(12th in a series of posts on 2 W. Market St.)
Gadfly has remarked that he got into this issue late, that he didn’t have a full grasp of all sides, and wondered what could have caused a marathon Zoning Board meeting in the past.
Now he knows.
Yesterday’s meeting on whether the stately home at 2 W. Market can be used for commercial purposes went well over 2 hours, saw testimony by well over a dozen people, and posed such a knotty problem that our Planning Commission deadlocked 2-2 not once but twice. (There are officially 5 members of the Commission.)
The petition of the homeowner/business owner now goes before City Council on November 20 (Gadfly is not sure whether this hearing will be part of the normal Council meeting at 7PM or at a special time of 6PM – and will clarify later).

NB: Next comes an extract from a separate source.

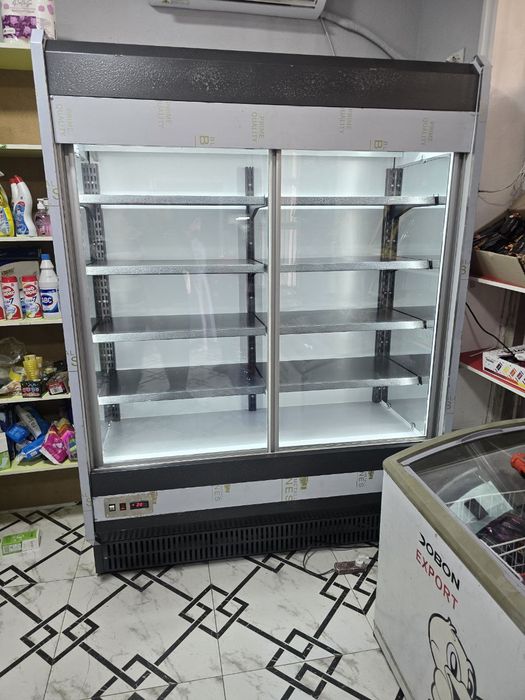 Витрина холодильник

The sides of the issue Gadfly were weakest on – the City and the homeowners – were well represented. There were presentations by the homeowner’s attorney, by one of the Quadrant partners, and by the City. Lots of new information for Gadfly to absorb.
Gadfly plans to break down this issue – which is just one of several “neighborhood control” issues we’ve been following – shortly, but for now the journalists will fill you in on this latest step in a controversy that goes back several years.
Attorney Jim Preston, representing Morning Star, proposed an amendment that would allow for both uses by special exception, which would need to be granted by the zoning hearing board if the amendment were first approved by council. He contended that both the zoning hearing board and county court had upheld the variance request, finding it presented no harm to the surrounding community.
Tim Stevens, an attorney representing five residents opposed to the use, contended that allowing the amendment to pass would constitute “spot zoning.” He said it would open the door for more non-conforming uses and would serve to diminish housing options. “It’s self-serving; it doesn’t benefit the welfare of all the Bethlehem citizens,” he said.
Kori Lannan, of Quadrant, dismissed the notion that they would eventually flip the business to another entity, and said she and her four business partners are committed to the community because they are all lifetime residents of Bethlehem. “We love being part of historic downtown Bethlehem and contributing to its preservation in a meaningful way,” she said.
Planning and Zoning Director Darlene Heller cautioned the board that there was no way to know how many properties would be affected in other parts of the city if the amendment is approved. “Therefore the end result of the amendment is unclear,” she said.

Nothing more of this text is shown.